This article fleshes out the mechanisms of the RSI indicator and helps you understand how it ticks.
Once you gain a deeper understanding on how it works, you can analyze its signal more effectively and trade better.
Let’s start.
HOW DOES THE RSI INDICATOR WORK?
The RSI Indicator measures the
Average price of a green candle (gain) for the periods you have set or for the default RSI period (14)
Average price of a red candle (loss) for the periods you have set or for the default RSI period (14)
It then compares the gains versus losses for the set period and plots it as a number value, between 0 and 100, on the charts.
If the gains exceed the losses, RSI will rise for the set period.
If the losses exceed the gains, RSI will fall for the set period.
If the gains are equal to the losses, RSI will straighten for the set period.
If the RSI keeps rising, it implies that the stock is moving up at a scorching pace and therefore can head into overbought territory.
This is why 70 or 80 is regarded as an overbought zone – but this does not hold true for longer period charts, as you will see below.
If the RSI keeps falling, it implies that the stock is crashing at a scorching pace and therefore can head into oversold territory.
This is why 30 or 20 is regarded as an oversold zone – but this does not hold true for longer period charts.
This is something you need to get into your head while analyzing RSI.
The RSI Period Setting
The default RSI period is set to 14.
Here’s what this conveys:
On a 5 minute chart, RSI 14 signals are based on the last 70 minutes.
On a 15 minute chart, RSI 14 signals are based on the last 210 minutes (3.5 hours).
On a 30 minute chart, RSI 14 signals are based on the last 7 hours.

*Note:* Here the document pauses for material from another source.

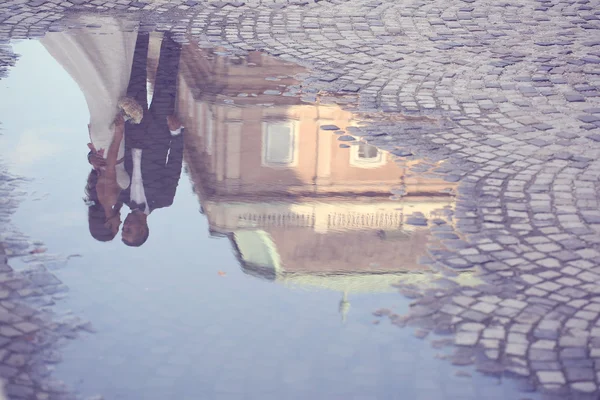 Bride and groom reflected in slop on paved road — Stock Photo, Image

On a 1 Hour chart,RSI 14 signals are based on the last 14 hours
On the daily chart,RSI 14 signals are based on the last 14 days
On a weekly chart,RSI 14 signals are based on the last 14 weeks (3.5 months)
On a monthly chart,RSI 14 signals are based on the last 14 months
What are the logical conclusions we should draw from this:
If the trend is uncertain or hit by global or domestic news andyou are working with shorter periods (1-5 minutes, 15 minutes), you should avoid using RSI until you are confident that it can reliably predict the trend.

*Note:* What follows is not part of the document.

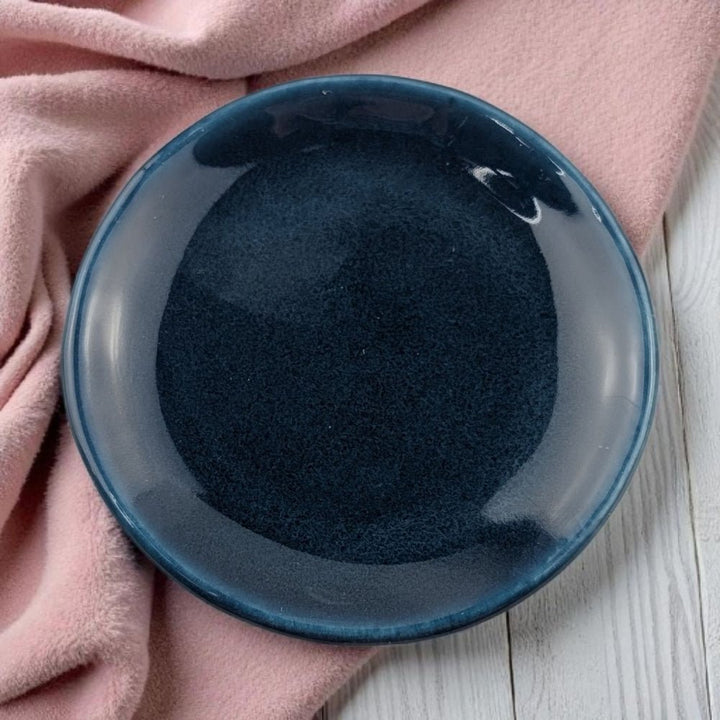 Blue ceramic bowl on a pink fabric background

This is because if the market is global- or news-based, the candle analysis of the previous day will not hold any significance.
As a thumb rule, you can start using RSI after the day has generated sufficient candles to ensure a reliable signal.

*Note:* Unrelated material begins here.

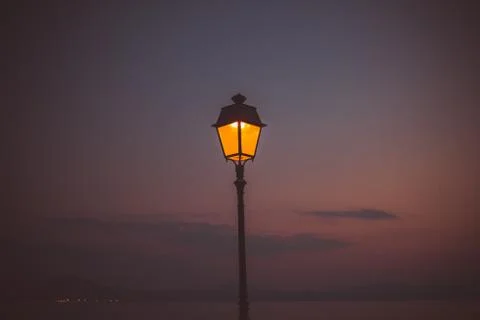 Evening sunset at the Greece. Lighting inside Lantern shining. Background pic Stock Photos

For example, if you are using 5 Minute charts, start using 14 RSI 1 hour into the day. That way, 60 minutes would have passed and you will get a more or less reliable signal.
Here’s yesterday example of Reliance Industries.
If the trend is certain, you can use RSI that takes into account the previous day candles. In other words, in a trending market you can start using RSI from the first candle even for shorter time periods.
Should the 14 Period RSI be religiously followed?
Though many analysts use different periods (some use 7, 9, 10, or 11), the 14 RSI gives fairly reliable signals so long you use it right.
What is more important is this —RSI MUST NOT be used to predict overbought and oversold signals on longer period charts (Weekly, Monthly), as you will find out below.
14 RSI & Different Period Candlestick Periods
Here’re some examples:
RSI 14 works well on daily charts and you can use it to identify momentum or trend for BTST trades. For example:
What about Overbought and Oversold Signals
When RSI crosses above 80 or falls below 20 it does indicate an overbought or oversold state. However, it does not mean that the stock will crash after zooming to 80. For all you know it may move to 85 and stay there for a while, making you lose money – or fall below 20 and get stuck there for a while.
Therefore, if you want to gauge overbought and oversold conditions, use the 20 SMA for double confirmation across all time periods.
Summing up
- RSI 14 becomes an extremely potent indicator when used with 20 SMA
- Traders must focus more on RSI rising or falling instead on focusing on its overbought/oversold levels. This is because the RSI measures the average gain over the average losses for the set period.
- Traders should act only when 20 SMA confirms.
- Traders should analyze RSI 14 to figure out short term trends while reading the monthly and weekly charts.
- BONUS: To latch on to cash stocks with medium term potential, set this screener – Monthly RSI crosses above 50. After getting a list, analyze the fundamentals and act if you wish.